The pandemic has been a big accelerator for change when it comes to harnessing AI and its undoubtedly jumped our market forward. The opportunity available is now bigger than it was before as companies need to do even more but with fewer resources at their disposal, and that will be a positive trend for us to tap into moving forwards.
For many of our customers, they were already ahead of the curve having invested in technology before the pandemic and for our e-commerce customers, they’re now outperforming their competitors and doing really well.
- Why is AI technology vital at times like these?
What we’re doing is innovative and cutting edge. Companies that used to physically interact with people and are now doing it entirely digitally – personalising their experience as they do so – and AI is driving that forwards.
There are seismic changes going on in the world of consumer-packaged goods and retail-driven by that acceleration to e-commerce and different consumer behaviours – and it’s fascinating to be at the heart of that. The pace of change is so fast its opened the eyes of many business leaders and made them realise they need to adapt quicker than they thought when it comes to adopting new technologies, but as part of this, there is also still an education piece to do around AI and its impact on jobs.
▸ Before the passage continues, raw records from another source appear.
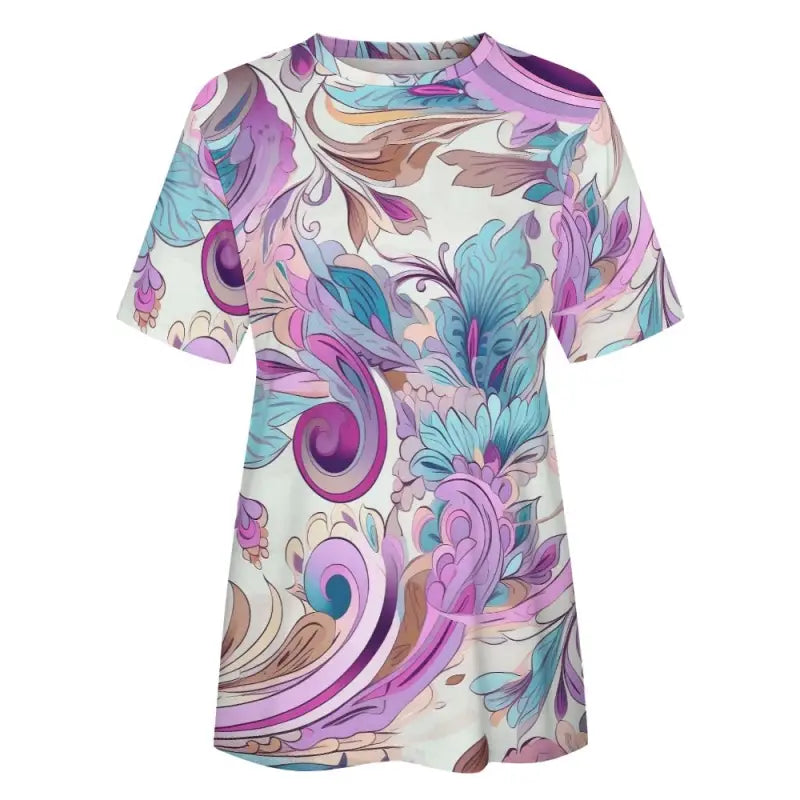 Comfy women’s floral t-shirt with a cool swirling purple, turquoise, and brown pattern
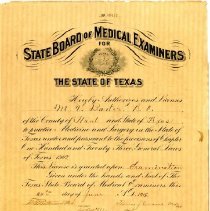 Texas State Osteopathic License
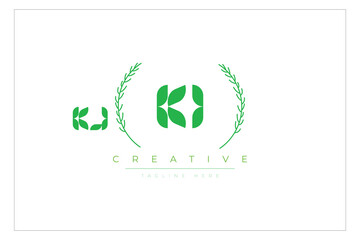 KI letters eco logo with leaf. Fresh nature and healthy leaf logo design.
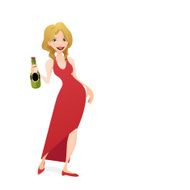 Girl holding a bottle of Champagne N4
AI is not here to automate jobs but to automate tasks and help people to be more productive with their jobs, grow faster and build stronger profit margins. I’d be more worried if I were working at a company that wasn’t investing in AI than one that was.
Moving forward
- Where do you see Peak after the immediate priority has passed?
By the end of this year, we want to be the clear market leader in enterprise AI technology – 2021 will then be a real growth year for us to capitalise on that and expand into new territories. We want to be a true, global tech champion that is grown out of Manchester and Jaipur.
With the support of the Praetura team, we’re confident we can get there. We’ve always wanted to do things differently, creating a significant global tech company from a challenger location without being part of Silicon Valley was always going to be a challenge but if anything, the coronavirus pandemic has been a leveller for us. It has shown that we don’t need to be based in San Francisco to grow and scale successfully, and now with everyone working from home those businesses in Silicon Valley have no advantages over Peak. Manchester is the new Silicon Valley.
- What’s the future for AI technology?
AI suits certain sectors more than others and we will remain focused on companies with certain characteristics, those with a high volume of transactions that generate a lot of data to harness algorithms. Many of these are in the retail and consumer goods sectors, but there’s also an increasing prominence of healthcare businesses that are moving to digital.
Ultimately, the fact that we now have machines that can think for humans has kickstarted the next industrial revolution. Humans have historically always controlled machines, but now we have a piece of technology that means computers can make decisions for us – this amplifies human potential exponentially. It’s not something to be scared of, it’s exciting – everyone, regardless of their role and industry, has the potential to become superhuman if supported by the right technology.